Momento fondante del suo lavoro è la pittura, la cui dimensione figurale sconfina in un sommovimento interno che approda all’esito di un’astrazione, composta da linee ondulatorie e da onde cromatiche. Manipolando l’immagine con il computer, Virginia privilegia digitalmente l’effetto pittorico, al punto da prendere intenzionalmente le distanze da un risultato ottimale di uniformità della superficie, per esasperare i contrasti e la sgranatura dei pixel. Un atteggiamento questo motivato dall’ascendenza intensamente espressionista dell’autrice, nata, da famiglia italiana, nella città di Tübingen, in Germania, patria culturale dell’Espressionismo.
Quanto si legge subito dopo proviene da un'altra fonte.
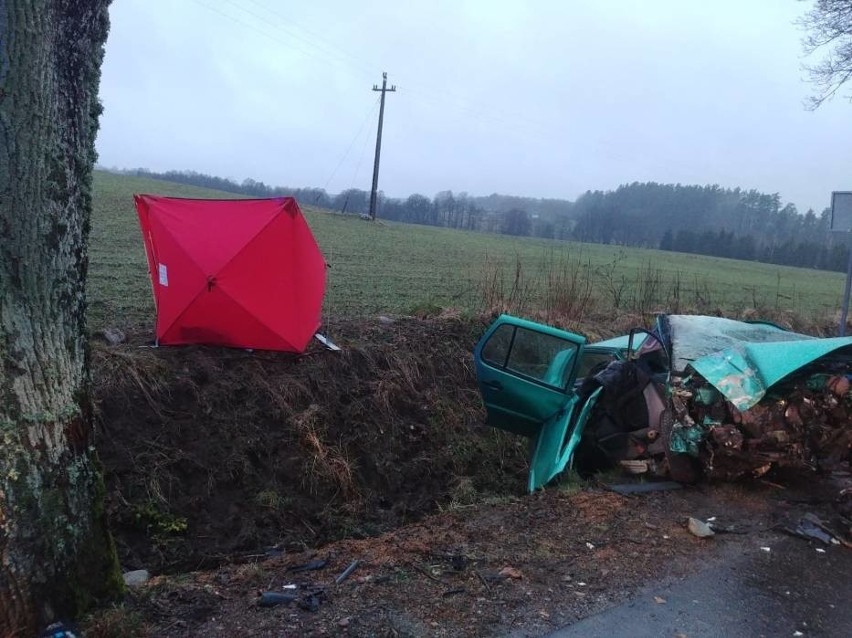 Śmiertelny wypadek na drodze powiatowej z Łubna do Łobzowa 9.03.2020. Prowadził pijany 25-latek bez prawa jazdy. Grozi mu 12 lat
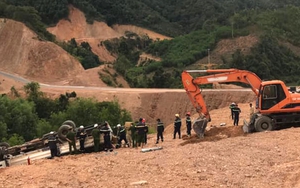 Cứu hộ ô tô tải chở trên 200 hộp thuốc nổ bị tuột dốc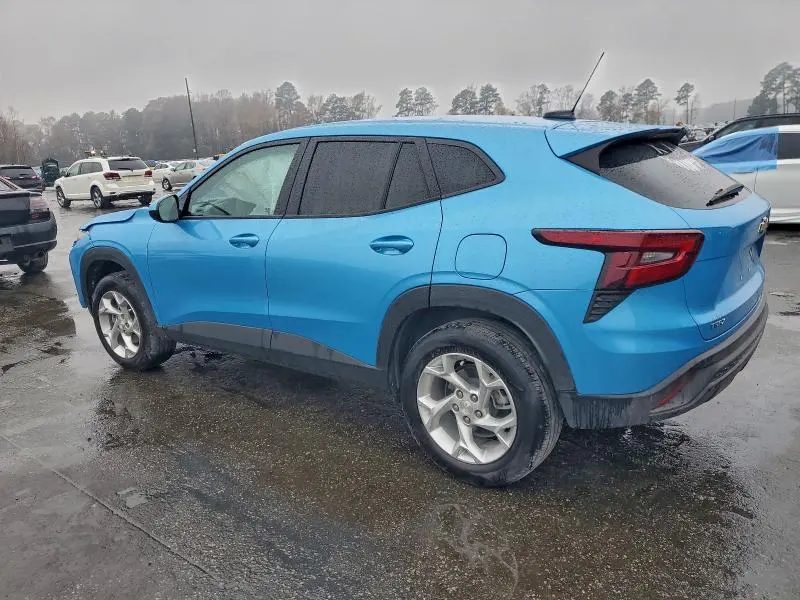 2025 CHEVROLET TRAX LS  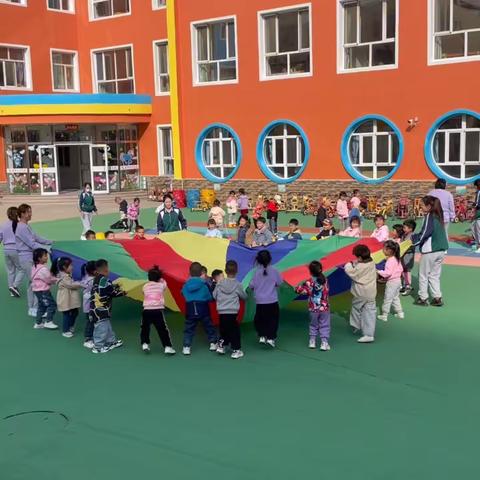 与爱相遇，相约👧🏻👦🏻美好——墨菲幼儿园宝六班 十月幼儿园生活回顾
Nel suo specchio deformante a essere testata costantemente è la precarietà e l’impermanenza del dato reale.
Mentre nei lavori precedenti, come la Passeggiata nella città liquida il dinamismo sismico-tellurico, sotteso alle sue immagini, non si propaga su tutto il campo, ma conserva alcuni punti di stabilità nello scenario generale, che rendono parzialmente riconoscibile il contesto, nei lavori attuali, come appunto nell’opera esclusiva Portofino, ideata per una parete ambientale, e ispirata all’incantevole villaggio ligure, la struttura del paesaggio si scioglie completamente. Gli intonaci colorati delle case ligustiche, le persiane verdi, lo stesso specchio del mare, sovrapponendosi, tecnicamente, con lievi spostamenti dell’asse dell’immagine, giocando sulle trasparenze come nella tecnica pittorica tradizionale della velatura, si fondono, confondono, in una sequenza di onde policrome, si inseguono in un caleidoscopio cangiante di pieghe morbide e sinuose come seta, creando un prezioso e seducente effetto moiré, rinviante ai riflessi del sole sull’acqua.